WHAT THE TASK REQUIRES – Your task is to copy the lines of the data below from the line holding "Kondominium untuk Dijual" through the line holding "Панель ручника Peugeot 206", inclusive, exactly and with nothing added.

Segment Start: MATERIAL FOR THE TASK

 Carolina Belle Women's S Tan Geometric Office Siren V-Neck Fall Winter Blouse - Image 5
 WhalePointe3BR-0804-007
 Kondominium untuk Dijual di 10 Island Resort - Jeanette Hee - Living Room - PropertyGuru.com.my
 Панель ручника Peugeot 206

Segment End: MATERIAL FOR THE TASK
Segment Start: MATERIAL FOR THE TASK

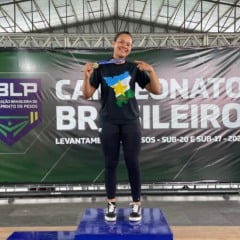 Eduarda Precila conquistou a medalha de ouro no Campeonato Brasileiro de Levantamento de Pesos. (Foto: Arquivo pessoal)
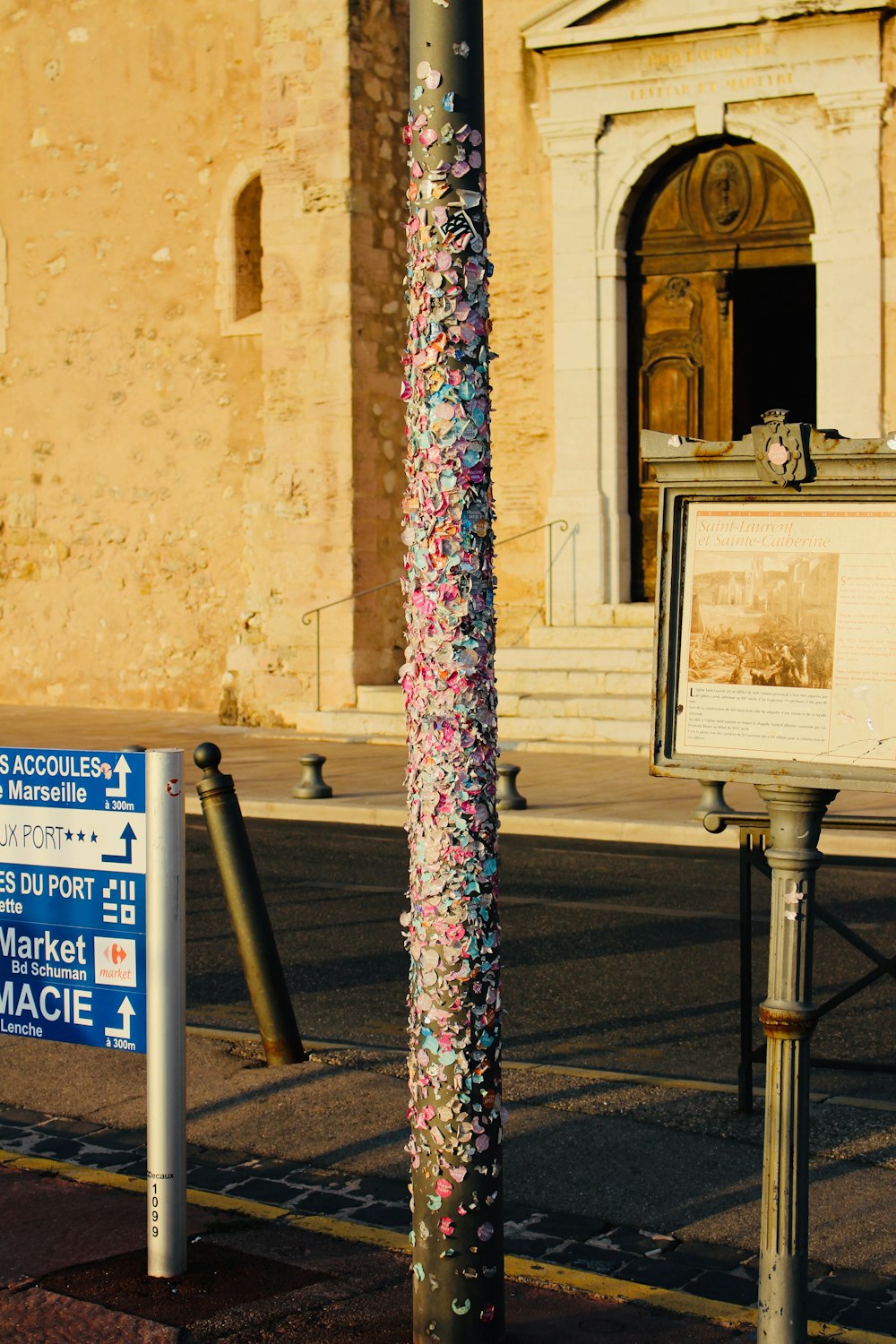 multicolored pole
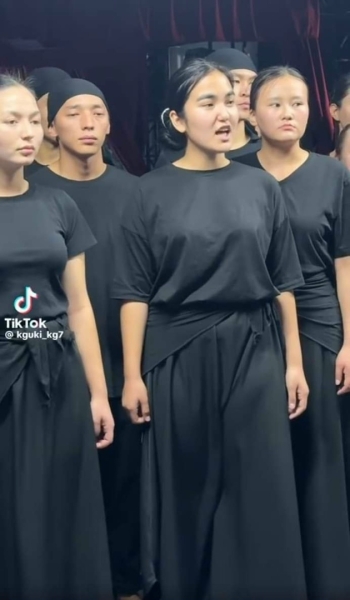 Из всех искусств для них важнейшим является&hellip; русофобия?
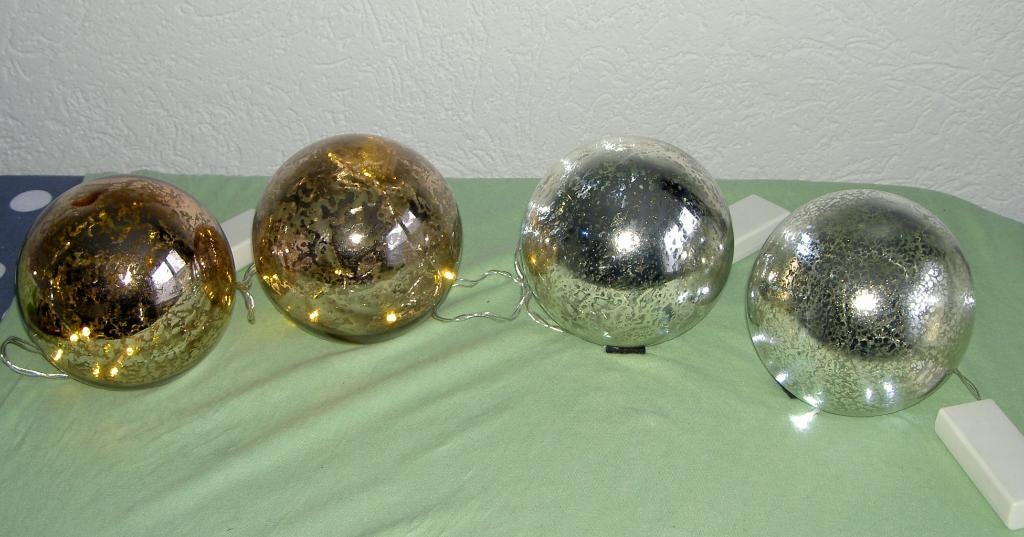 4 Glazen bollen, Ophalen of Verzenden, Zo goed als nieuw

Segment End: MATERIAL FOR THE TASK

RESPONSE AREA –
 Kondominium untuk Dijual di 10 Island Resort - Jeanette Hee - Living Room - PropertyGuru.com.my
 Панель ручника Peugeot 206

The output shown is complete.